É verdade, estes números dão dó... São o verdadeiro e transparente espelho da suborçamentação, também ela crónica, dos apoios do Estado ao sector.
E olhando para os gráficos produzidos pela própria DGArtes, comparando os valores disponibilizados com os números de candidaturas apoiadas, temos um cenário de valor por candidatura/projecto muito parco. Tão parco que temos de perguntar se o ministério tem real ideia dos valores do orçamento de um projecto artístico sólido (a todos os níveis); se tem ideia do valor da mão-de-obra, dos serviços necessários, dos materiais, dos equipamentos técnicos, etc.? É que, se tem, decerto saberá, no caso dos apoios à criação, que um apoio até ao máximo de 55.000, sem atalhos, quando muito, permite sustentar os encargos da mão-de-obra e as mais básicas ferramentas de trabalho de duas pessoas durante um ano e sobra qualquer coisa para a contratação de um ou outro serviço técnico. Agora é só pensar que nem todos (aliás, muito poucos) terão acesso ao valor máximo de apoio...
Existe um desfasamento, que se prefigura como um abismal fosso, entre a realidade quotidiana e a projecção mental do ministério sobre o que é um orçamento de um projecto artístico, que tem de ser difundido e circular (com todas as despesas decorrentes).
Outros números falam verdades incontestáveis por si. Mais 65% de candidaturas válidas, um valor de dotação que, é certo, mais do que duplicou face a 2020, mas que face ao anterior ciclo subiu somente 24%. Desde a razia do último Programa de Apoios Sustentados (bienal), o que agora se observa era de ocorrência por demais previsível!
Enfim, cai por terra o argumento do ministro de que nem todos os que submetem candidatura podem ser apoiados. Face às pontuações registadas nestes processos, o elefante no meio da sala é, sem sombra de dúvida, o orçamento da cultura. O resto é simples e puro fait-divers.
O que o governo e o ministro parecem pretender é criar um vazio a meio do sector artístico: estruturas apoiadas por quatro anos, por um lado; e um panorama de criação artística ao projecto, completamente dominado pela absoluta precariedade, por outro. Será um dividir para reinar? Será uma forma de obter calma de uma parte e manter a outra sob controle (leia-se, navegando à vista, a lutar pela sobrevivência, pelo pão)? Será tudo uma estratégia com objectivos políticos a cumprir ou será só o mais puro, simples e desastroso atabalhoamento cíclico (a que se soma a crónica falta de recursos da DGArtes)?

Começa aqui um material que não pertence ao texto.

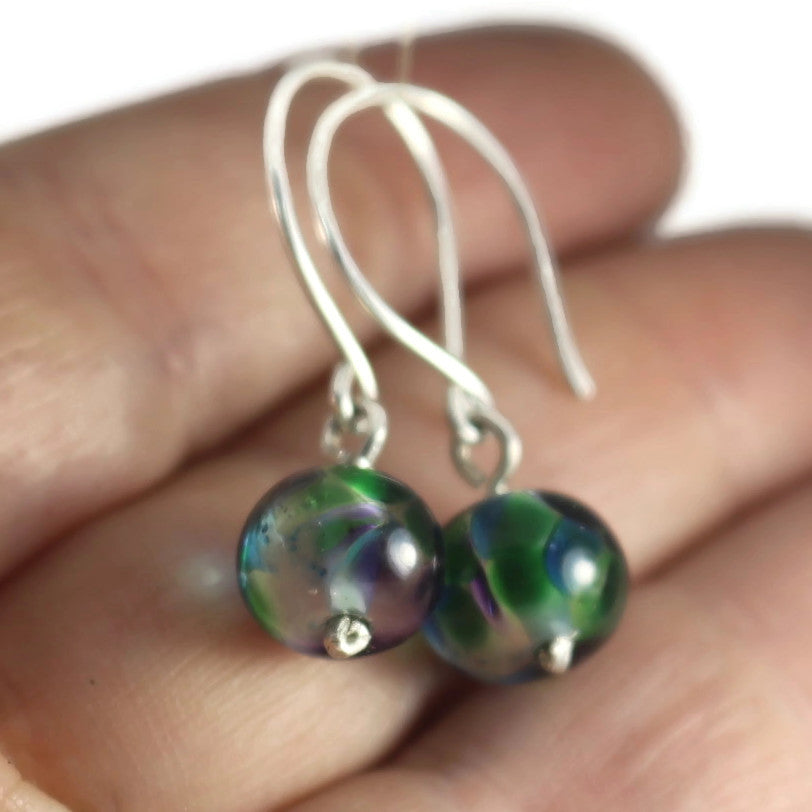 Handmade Purple & Green Lampwork Glass Earrings – Sterling Silver ear wire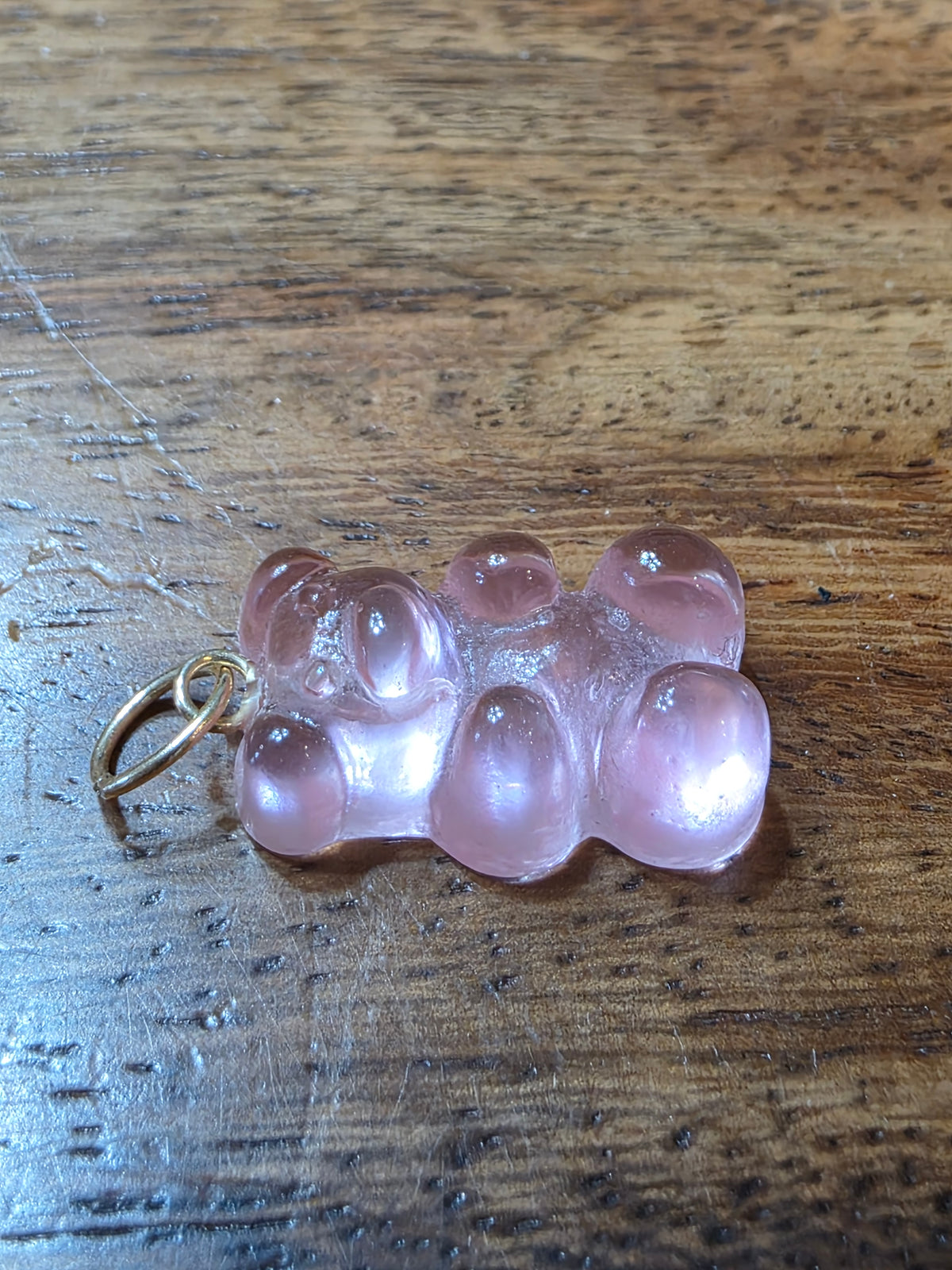 Pink Acrylic Gummy Bear Charm Pendant, 14k Gold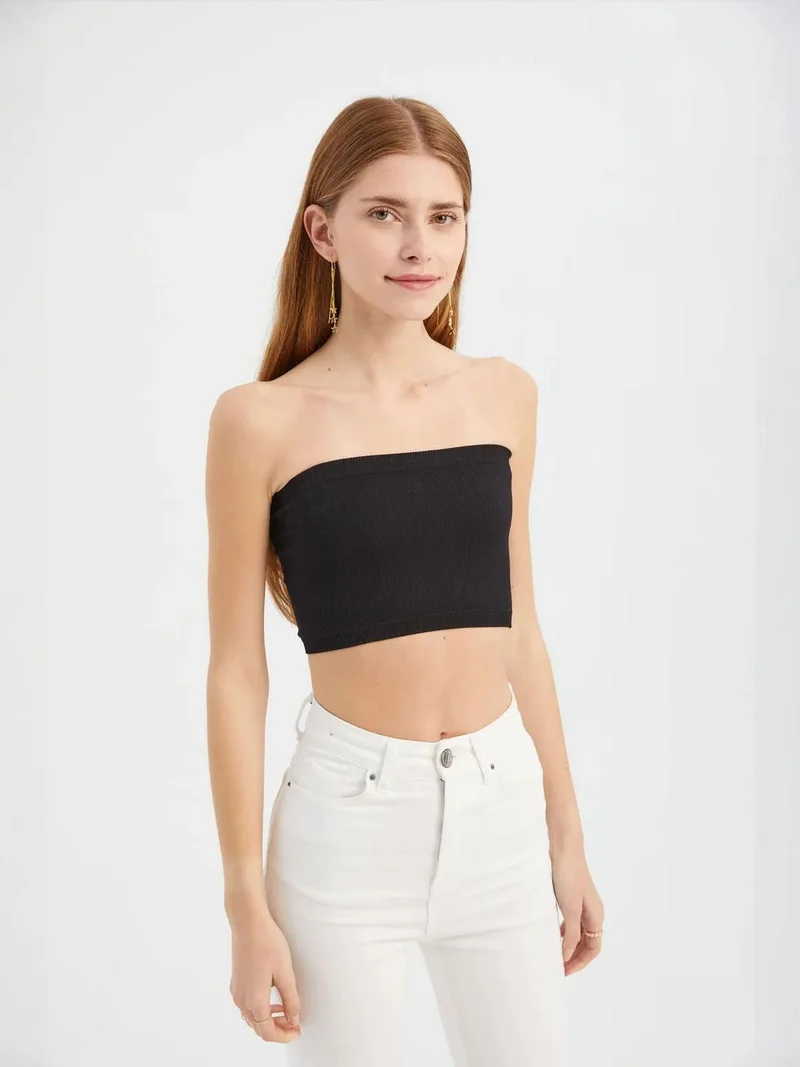 HICCUP Strapless Basic Crop Top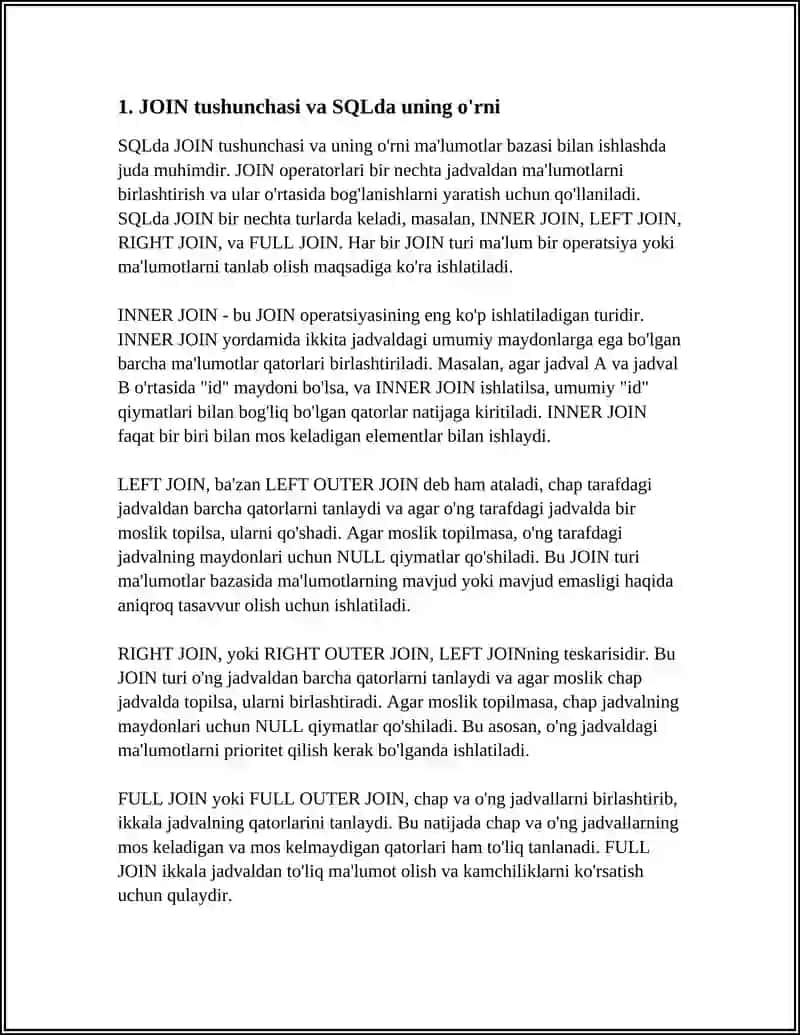 SQLDA VA JOIN OPERATSIYALARI TURLARI VA QO'LLANILISHI 3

Bem, e o que temos da montanha? Umas parcas mais 19 candidaturas apoiadas em todo o universo do Programa de Apoio a Projectos!
Contraporá a tutela que todos os apoiados têm agora verbas muito mais substanciais do Estado para a prossecução das suas actividades... As meias-verdades valem o que valem. Os trabalhadores do sector têm vindo, na generalidade, a fazer o possível recorrendo ao nada. Agora uns não farão nada e outros farão pouco, com muito pouco.
Para génio, génio e meio, é somente óbvio que a génese do problema reside no mais que anémico orçamento da cultura.